So here you get InternalRow and then from this InternalRow it gets integers from specific positions. And inside our reader, we have just a single row, the same object. And then when somebody calls get integer, we know field position and then we just slide within the ByteBuffer and get everything.

So here we avoided creating lots of objects and we directly deliver primitives to the Spark internal memory.

We did some profiling which didn’t help us much.

To be honest, I don’t actually remember what I was profiling on these screenshots but I just threw them like, “We did it.”

Here’s an…after we created the file format and we replaced the previous methods with datasets, as you can see, the task time overall, 700 hours went down to 400. And the most important part is garbage collection dropped by 3 times.

That’s not…the other problem we had is that Kafka-Connect sometimes creates really big files, bigger than two gigabytes, and in Spark…in Java overall, you cannot have byte arrays bigger than two gigabytes.

And overall, like if you try to read like 30 files of 2 gigabytes in memory, you’re gonna use like 60 gigabytes which is not great.

So instead, what we do is we copy a file locally and then we do some…we map it into the virtual memory using a library from Indeed.

And then we allocate empty buffer, ByteBuffer, using Java reflections and then we point ByteBuffer to that region of memory inside the memory map file. And then we give this ByteBuffer to ZSTD to decompress and everything thinks that it’s just ByteBuffer but this actually points to the memory map file.

So this is an example of some unsafe memory manipulations that we had to do in order to completely bypass creation of unnecessary objects and reading like two gigabyte files.

The other part is that some files get really big. So when you have like multiple tasks running, some of them will be completely skewed.

So instead of that, we wanted our file format to be splitable as well, so we set split size of one gigabyte. So multiple readers are gonna read like different parts of the file.

And inside the file we write length, payload, length, payload, length, payload. So when a reader starts reading it, it has like start position and end position and it keeps skipping payloads until it reaches the startByte.

Super simple.

And because of lots of tricks with allocation/deallocation of memory, we had to implement fine-grained monitoring around that. So we tracked how much memory we allocated, how much memory we deallocated.

And as you can see here, our code is pretty efficient so we only use like four gigabytes max for each executor.

The other part that I was talking about is using Spark internal APIs.

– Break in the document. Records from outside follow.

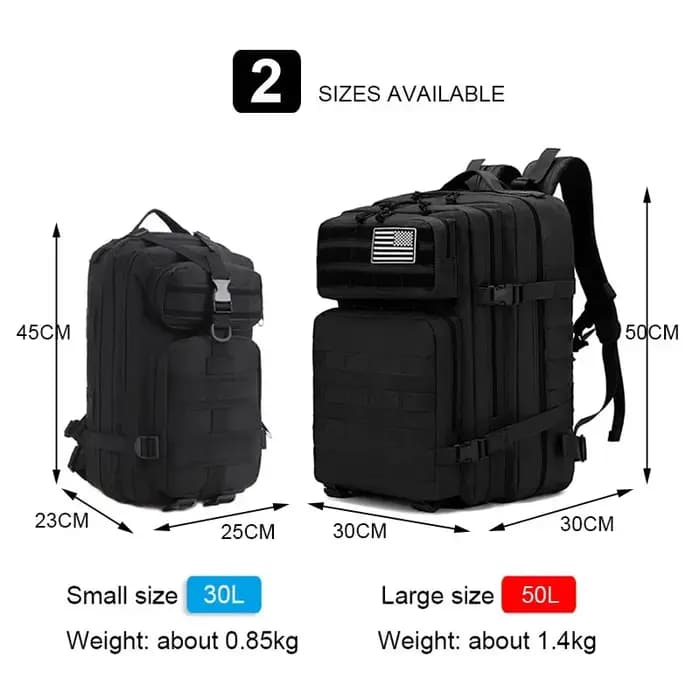 30L/50L femmes hommes sac à dos Sport Trekking chasse Nylon sac à dos militaire randonnée sac marine bleu rose Camouflage tactique sac à dos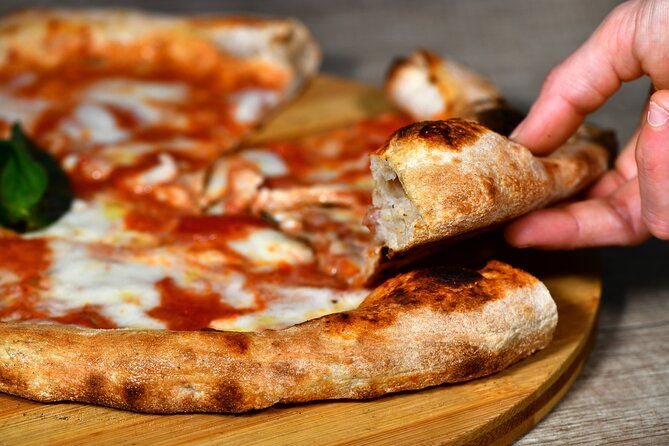 Naples: Pizza and Beyond Food Tour by Do Eat Better - Piazzetta Nilo Pizza Fritta: Handheld, Stuffed, and Very Filling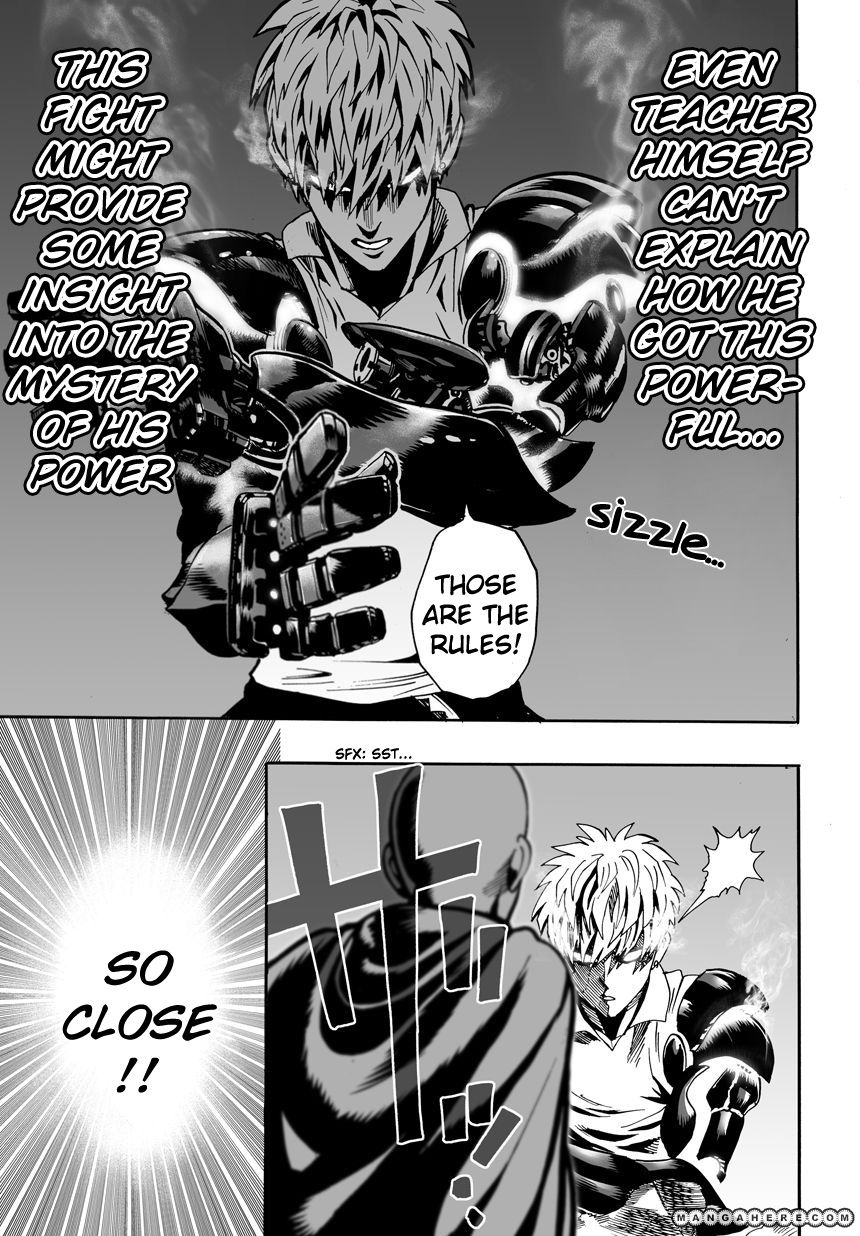 Read One Punch Man Manga Online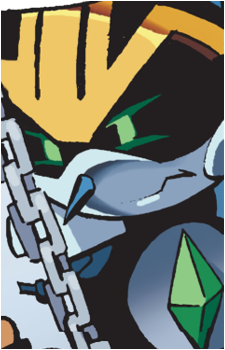 Shard the Metal Sonic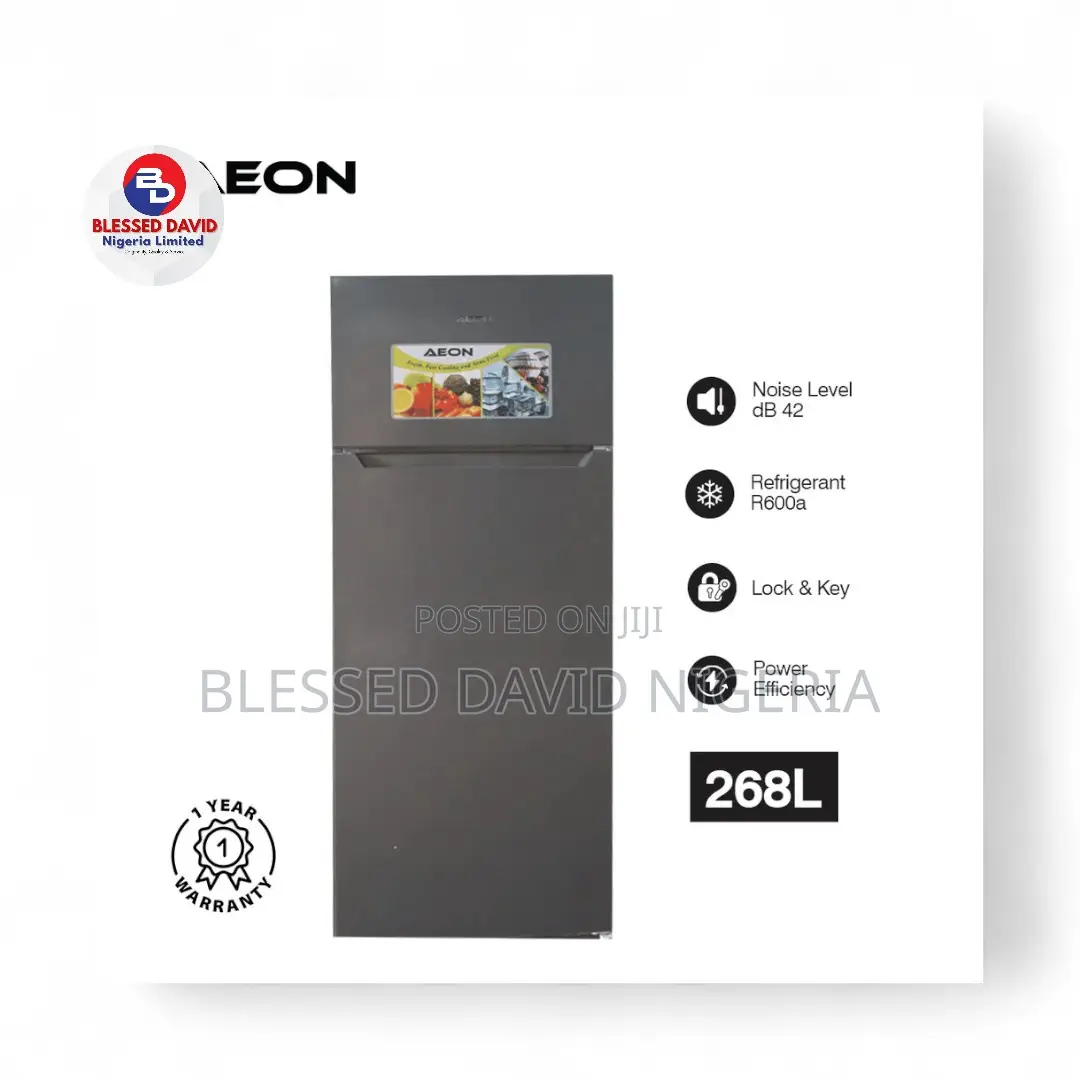 Aeon 268l Refrigerator Dd Tm Tm D-frost Grey Art298d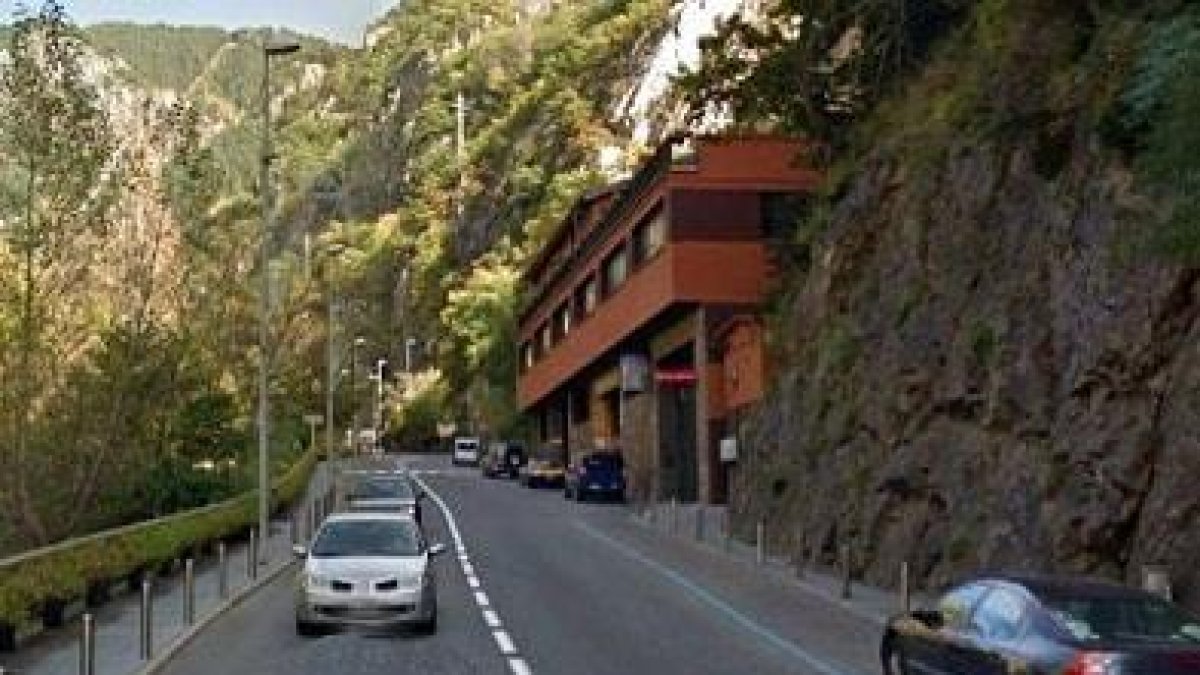 Tram del carrer Pont de la Tosca que es talla demà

So you have DataSet.map(). It must create objects. It copies primitives from Spark memory. It has schema, which is great. It is type-safe which is also great. But it is slow because of the first two parts.

What instead we do is we use queryExecution.toRdd() which returns internal row, but it doesn’t create objects. It’s just a single internal row, the same object. So it’s pretty much the same trick we did in the beginning but now we’re using it like from read inside.

It doesn’t copy primitives. It has no schema which is not great at all, and it’s not type-safe so you can shoot yourself in the leg.

And internal row has direct access to Spark memory.

So here is how we do it.

So here we have our DataFrame.

We do some operations and then once we have created this DataFrame, we do queryExecution.toRdd(), we get InternalRow, and then we have to get fields using field indexes.

So we had to do also lots of testing around that.

We did some settings to offHeap. So here, as you can see, at max we use about like 180 gigabytes but the offHeap itself is about like 60. So 120 gigabytes is used for lots of offHeap operations.

And we did testing.

So here we only compare garbage collection to task time so these screenshots were taken at a different time.

But basically, the first one…you can see almost half of the execution time is spent on garbage collection. And once we enabled offHeap, under like maybe a fourth, fifth.

So everything is great. And this is a real production job, so here we load like 22 terabytes and task time is like 1,000 and garbage collection only like 70 or 60 hours, so only 6%.

And in the real cluster, we run multiple jobs and the garbage collection is even lower: below 1%.

So all those optimizations led to removing garbage collection basically.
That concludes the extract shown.